I enjoy this story:
I think the whole Idea really boils down to those who work hard get the dough.
Two High Achievers
Alisa Weilerstein is my age. She’s a cello player and she just won a MacArthur “genius” grant for her “adventurous” playing.
Adam Riess, an astronomer at Johns Hopkins University, just won a Nobel Prize for his work measuring the universe’s expansion.
It’s easy to admire such high accomplishments from a distance. For those of us with low self-esteem, we can dismissively conclude that some people are just born brilliant, and should be admired much in the way we admire natural beauty or a lush head of hair. For those of us who are more Type A, we can instead derive a hazy sense of inspiration: “That’s what I need do,” we think, “something huge!”
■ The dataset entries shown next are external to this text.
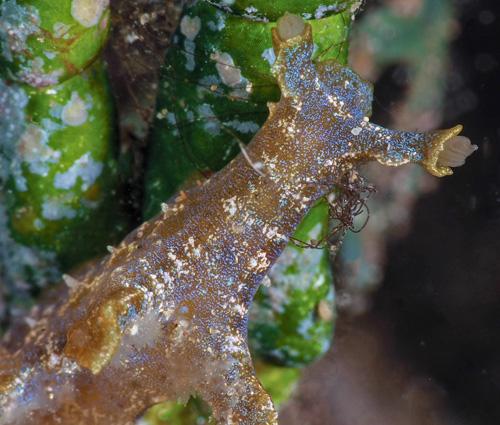 Scyllae sp. #1: pale ocelli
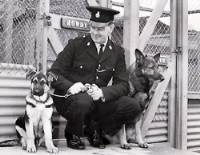Scarborough's First Dog Handler Norman Collier
http://www.thescarboroughnews.co.uk/news/death-of-scarborough-s-first-police-dog-handler-1-1407908
Keywords: Scarborough Dog Handler Norman Collier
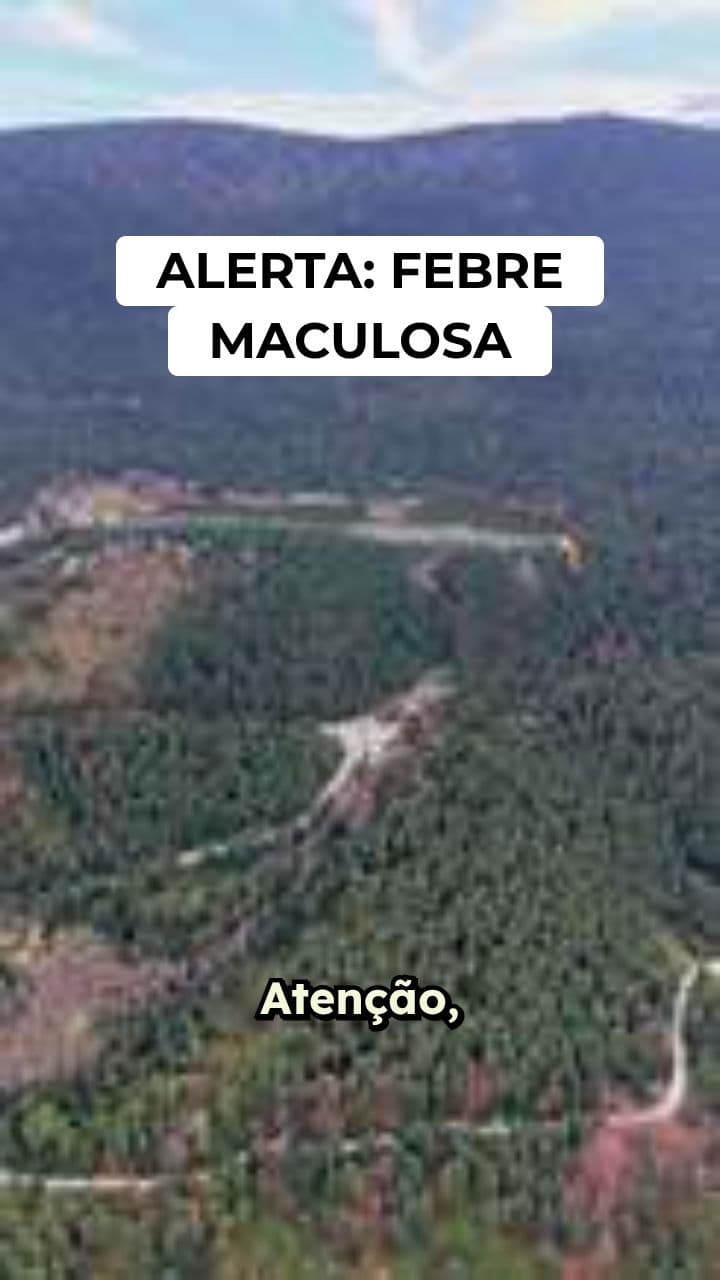 Alerta de Febre Maculosa em Campinas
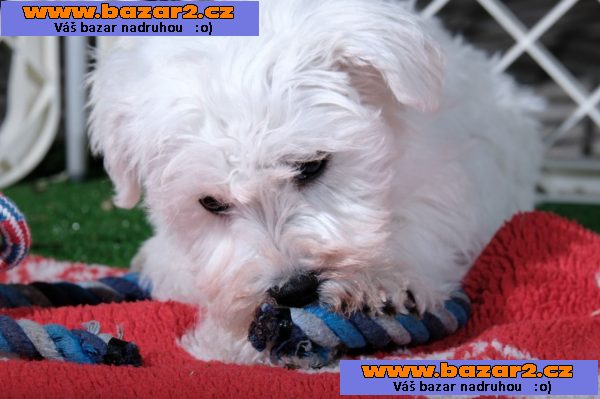 Krásný chlapec Bichon Frise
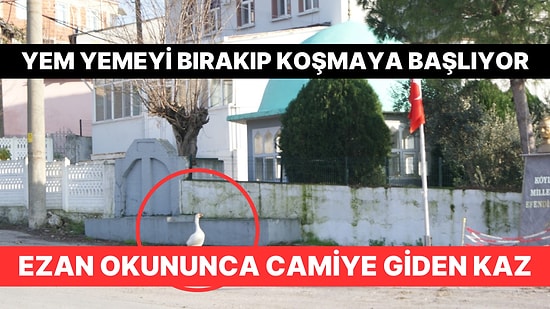 O Kaz Hiç Kesilmeyecek: Ezan Okununca Yem Yese Bile Bırakıp Camiye Koşuyor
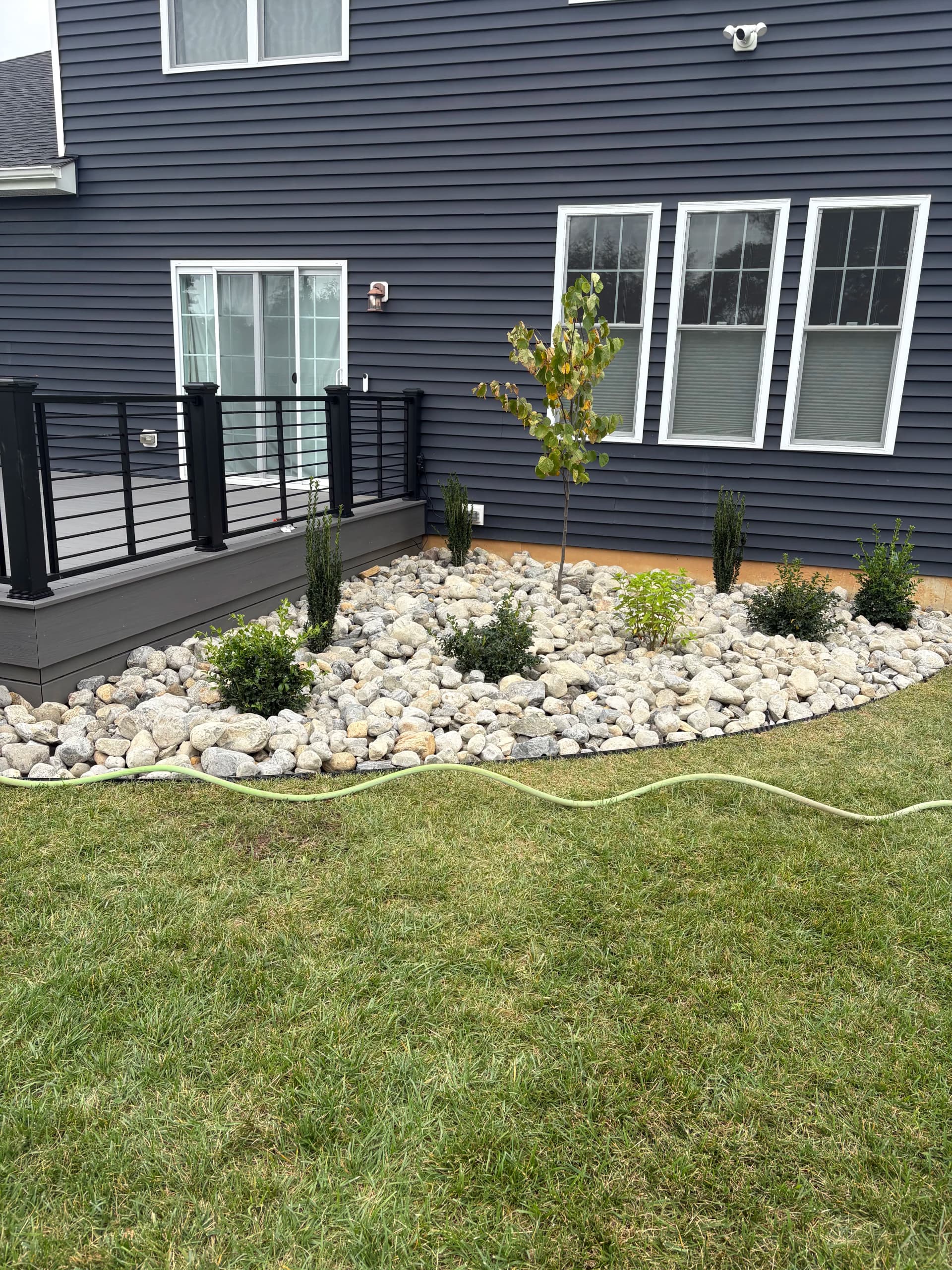 Rock Beds, Privacy Trees, and Clean Planting Beds Done Right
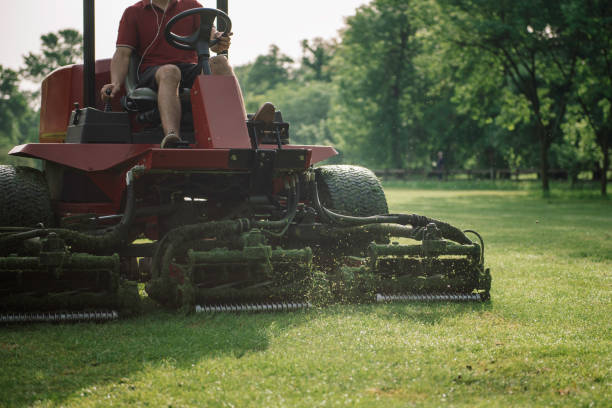 istock Low Section Of Man Mowing Grassy Land 1162743034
I find it more productive, however, to dig a little deeper.
In an interview with The New York Times, for example, Weilerstein pushes back against the idea that she was born a musical prodigy.
“Obviously there is natural talent,” she said. “But you accomplish things only by working extremely hard.”
This echoes what has been found again and again in the deliberate practice literature: the best musicians, athletes, and chess players, among other group of high accomplishers, really do out work everyone else.
For those in the Type A camp, by contrast, a recent interview with Reiss pushes back on the idea that it’s enough to simply wait for your breakthrough idea.
When talking about the inspiration that led to his Nobel, Reiss emphasized that his breakthrough was based on the fact that “I am always thinking about how to measure the universe.” It was this complete immersion in the problem — something that persisted over years and years — that laid the foundation for his innovations in parallax measurement.
The conclusion for the Type A’s: if you want to do something big, talk is cheap, it’s more important to get started down the long road to mastery.
Bottom Line: Obviously these quotes are just scratching the surface of the deeper stories lurking behind the headlines, but they emphasize my basic point: I find high achievers to be incredibly inspiring and instructive, but only when I get into the details of their stories. When admired from afar, they provide little value. I think it’s important that we keep discussing how to understand the high achievers we encounter, because becoming adept at reality-based deconstruction of these stories seems to be a key strategy in any quest to become remarkable.